Collection entries
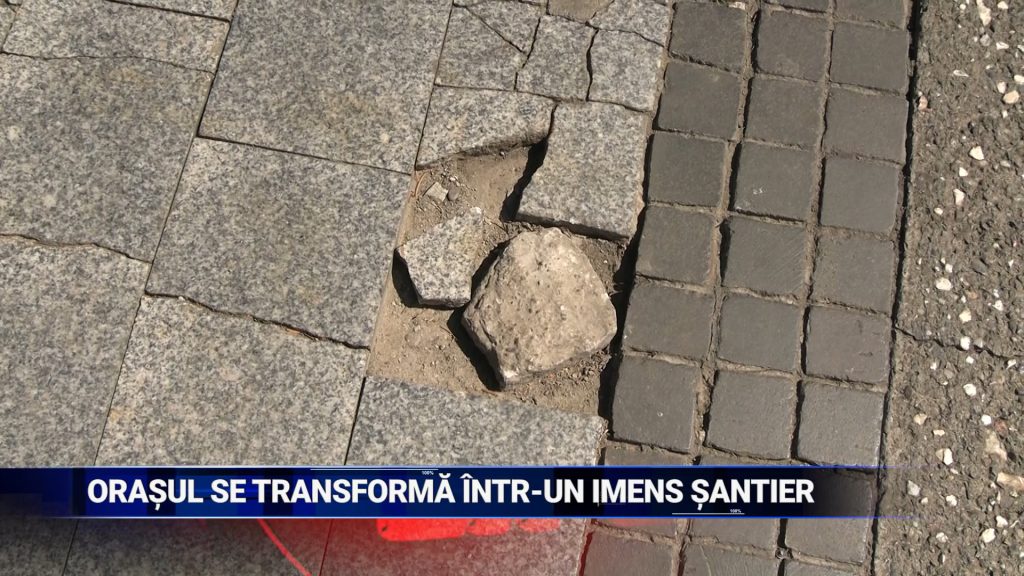 ORAŞUL SE TRANSFORMĂ ÎNTR-UN IMENS ŞANTIER
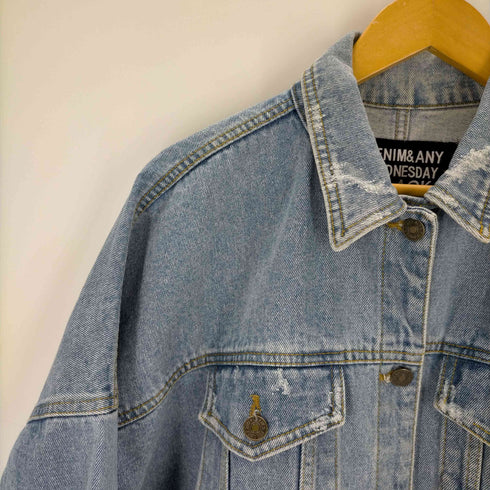 デニムアンドエニーウェンズデーブラック denim & any wednesday black オーバーサイズ デニムジャケット レディース FREE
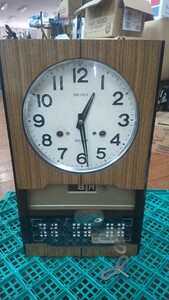 WB071 SEIKO 昭和レトロ セイコー1ヶ月巻掛時計 振り子時計 壁掛け/ゼンマイ式/30DAY/手巻き 動作OK 現状品 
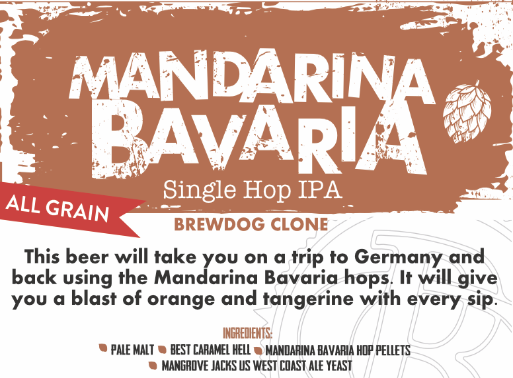 All Grain RK: Mandarina Bavaria - BrewD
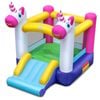 Costway Kid Inflatable Bounce House Unicorn Themed Bouncy Castle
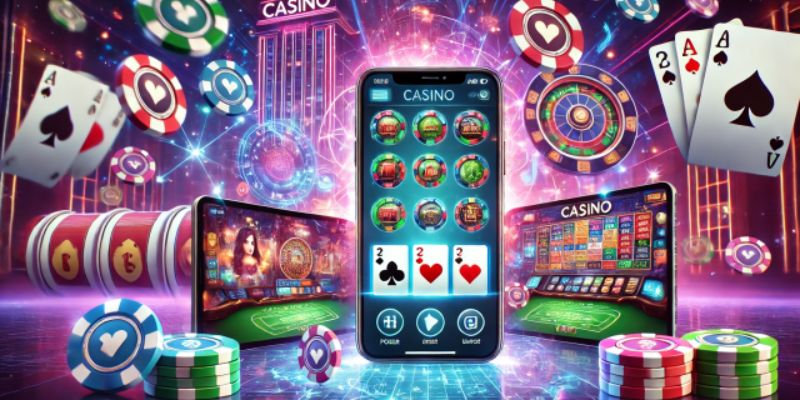 Giao diện app casino hiện đại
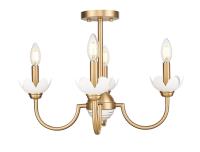 Four Light Semi Flush Mount by Z-Lite - Allistair Collection, Modern Gold Finish - 352-4SF-MGLD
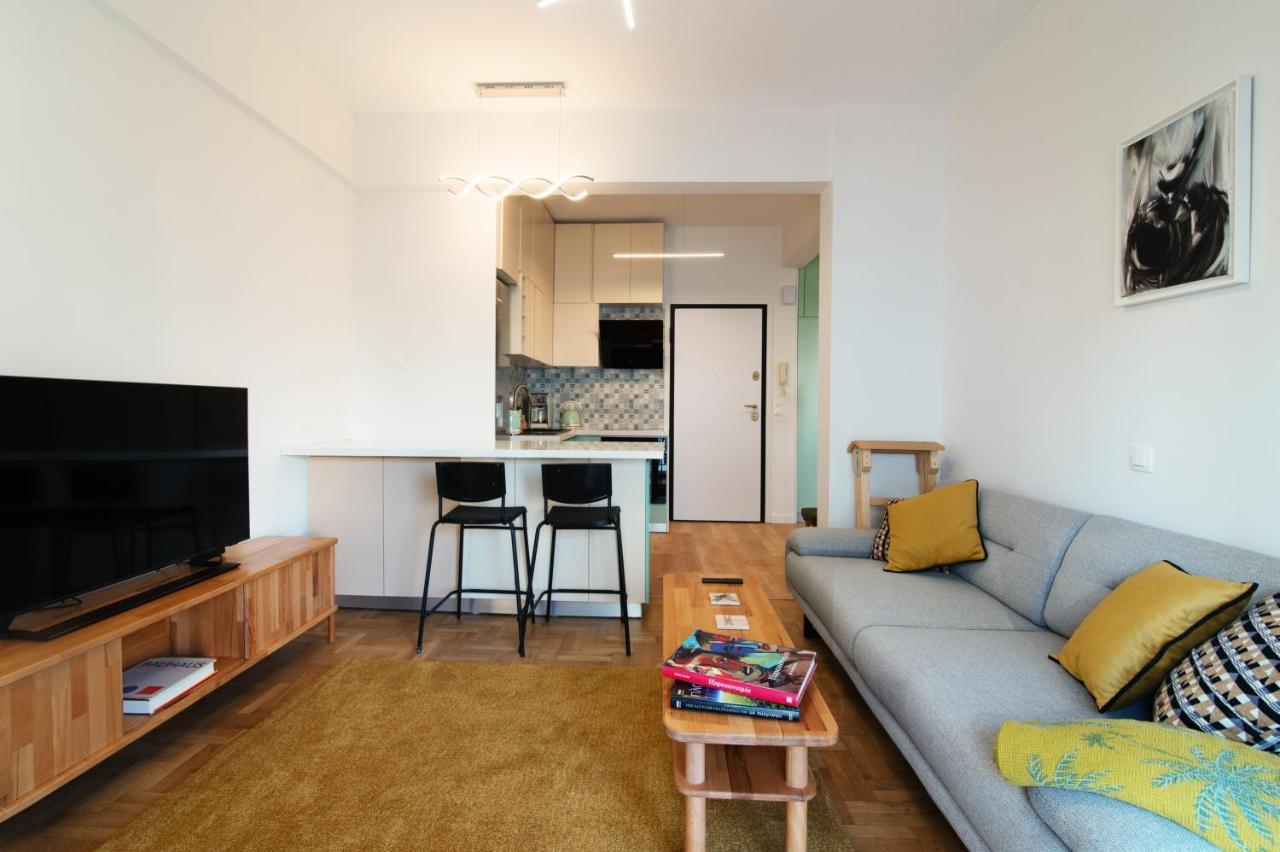 Luxury 1-Bedroom Apartment By The Sea In Atenas Exterior foto
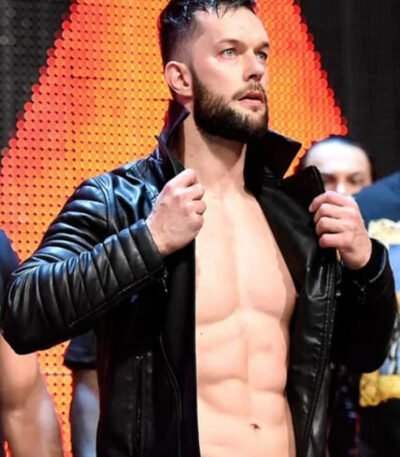 WWE Wrestler Finn Balor Quilted Leather Jacket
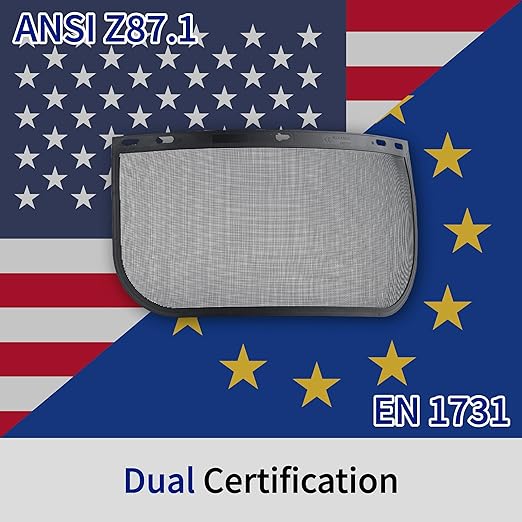 Blue Eagle Faceshield Replacement Visors (FC49M) | Steel Wire Mesh | 3 PCS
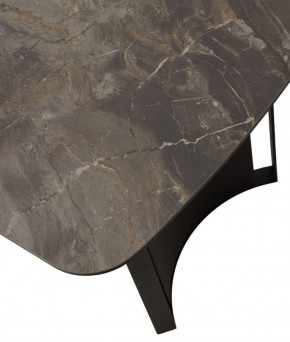 Стол RASMUS 160 KL-80 Серый мрамор, итальянская керамика / черный каркас, ®DISAUR в Златоусте - zlatoust.ok-mebel.com | фото 9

TASK TO COMPLETE »
The copy should hold exactly the lines from the one containing "Giao diện app casino hiện đại" through the final line of the records above, both ends included, and no picture.

SOLUTION FOR THIS PROBLEM »
 Giao diện app casino hiện đại
 Four Light Semi Flush Mount by Z-Lite - Allistair Collection, Modern Gold Finish - 352-4SF-MGLD
 Luxury 1-Bedroom Apartment By The Sea In Atenas Exterior foto
 WWE Wrestler Finn Balor Quilted Leather Jacket
 Blue Eagle Faceshield Replacement Visors (FC49M) | Steel Wire Mesh | 3 PCS
 Стол RASMUS 160 KL-80 Серый мрамор, итальянская керамика / черный каркас, ®DISAUR в Златоусте - zlatoust.ok-mebel.com | фото 9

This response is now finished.